In the entries that follow, repeat exactly the lines from the one that has "Hotel Ambassador-1" through the one that has "بيت للعطل Comfortable Thatched Roof *", but omit pictures.

▸ DATA EXTRACT:
......
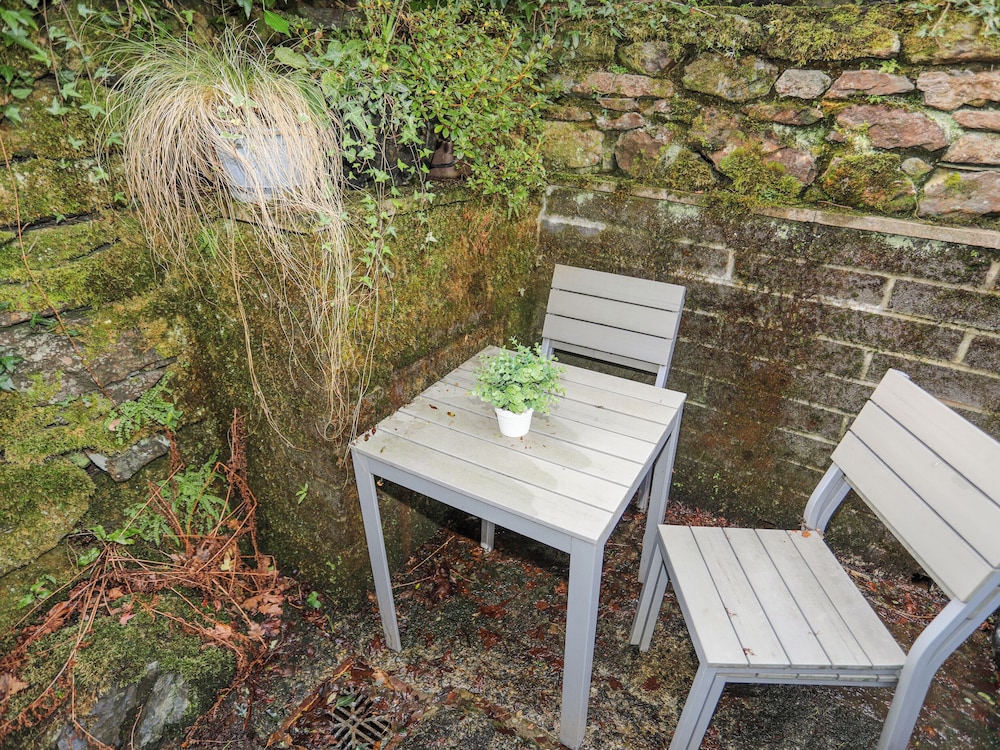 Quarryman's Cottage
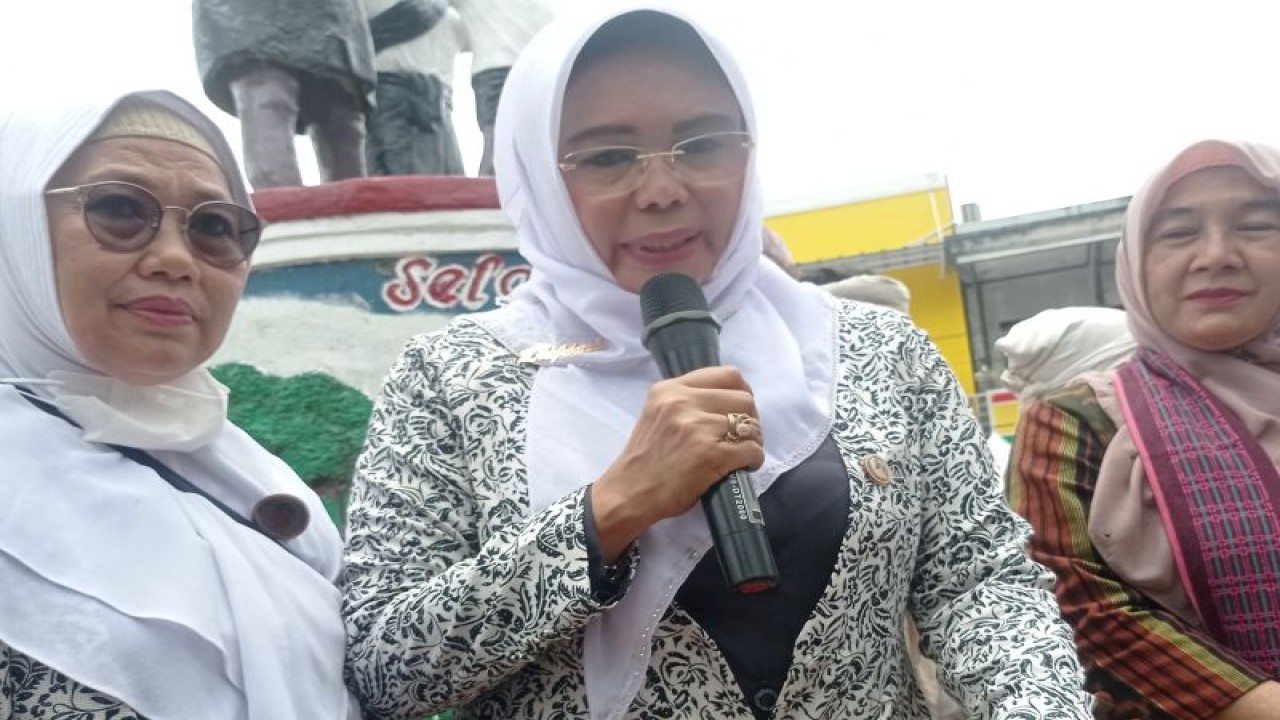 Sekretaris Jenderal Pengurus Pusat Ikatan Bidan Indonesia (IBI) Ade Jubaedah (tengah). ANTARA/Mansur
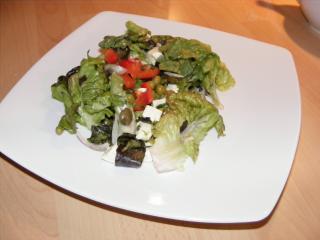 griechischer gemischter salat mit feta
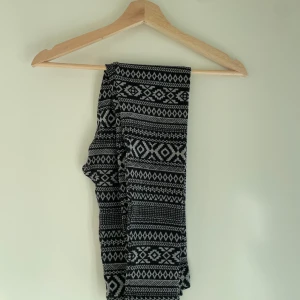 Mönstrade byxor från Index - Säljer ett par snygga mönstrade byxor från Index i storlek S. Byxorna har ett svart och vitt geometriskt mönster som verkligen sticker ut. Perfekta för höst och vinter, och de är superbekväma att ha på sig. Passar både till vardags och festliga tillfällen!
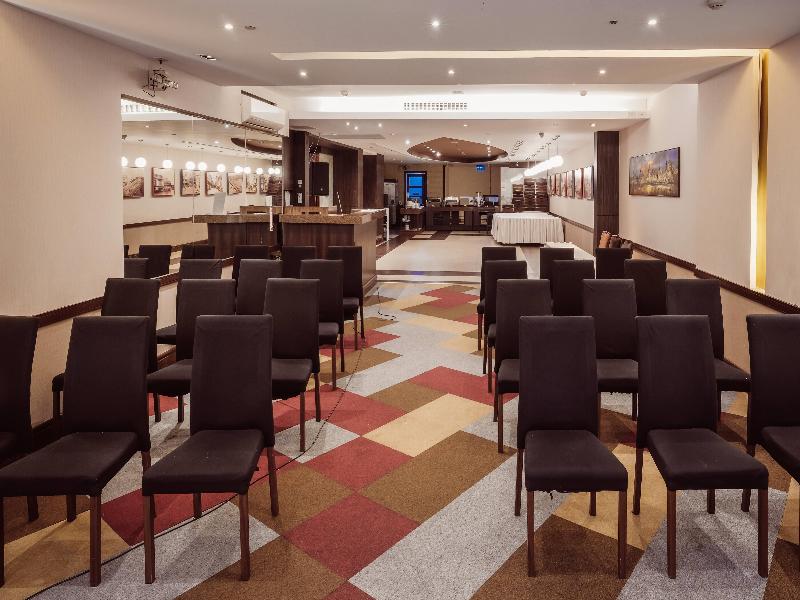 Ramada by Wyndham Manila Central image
......
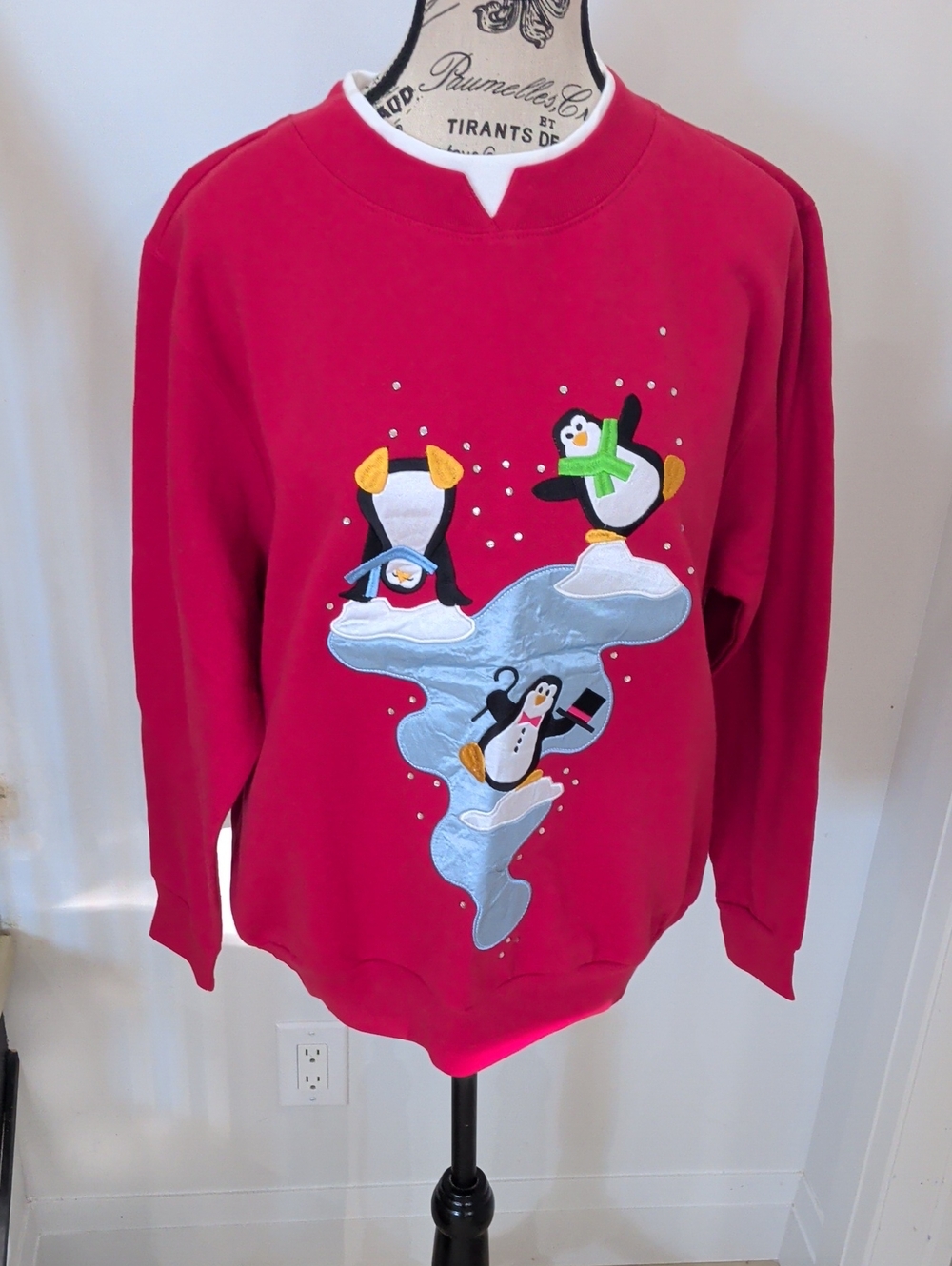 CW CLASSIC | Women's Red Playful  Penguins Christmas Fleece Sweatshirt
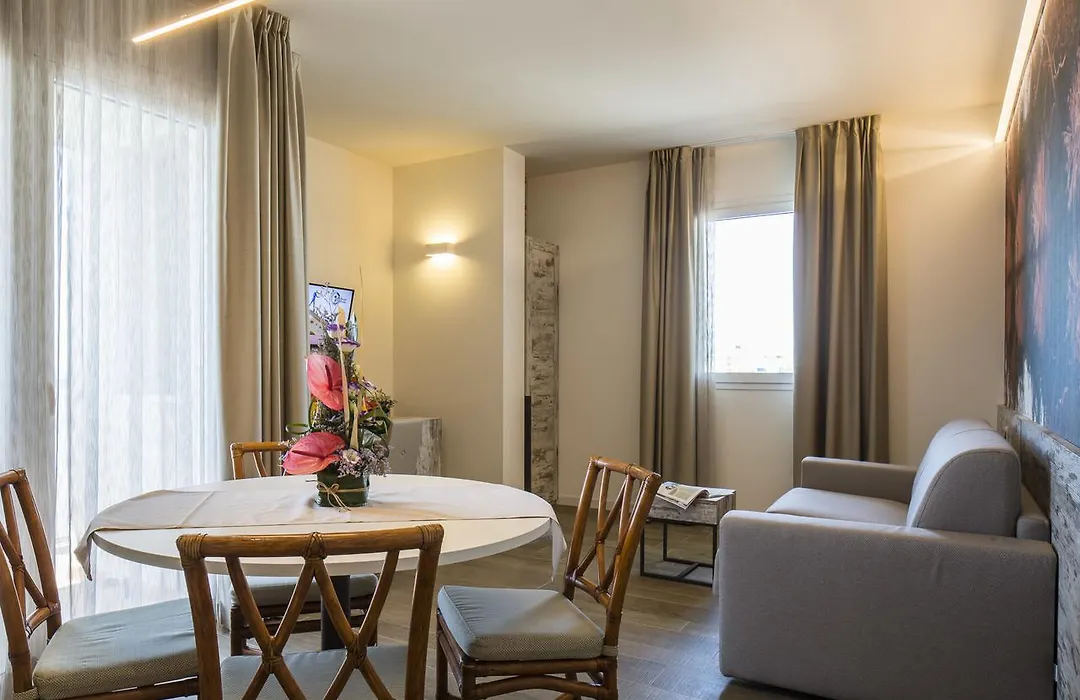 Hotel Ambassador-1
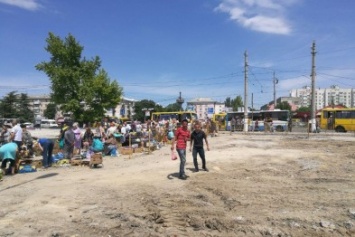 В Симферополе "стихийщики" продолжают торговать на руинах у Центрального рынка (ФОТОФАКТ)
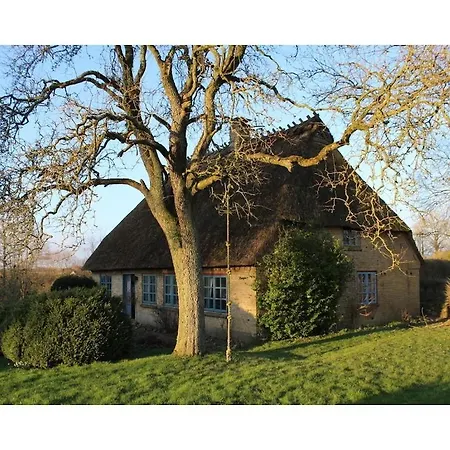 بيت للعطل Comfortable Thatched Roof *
......
▸ TASK RESULT:
 Hotel Ambassador-1
 В Симферополе "стихийщики" продолжают торговать на руинах у Центрального рынка (ФОТОФАКТ)
 بيت للعطل Comfortable Thatched Roof *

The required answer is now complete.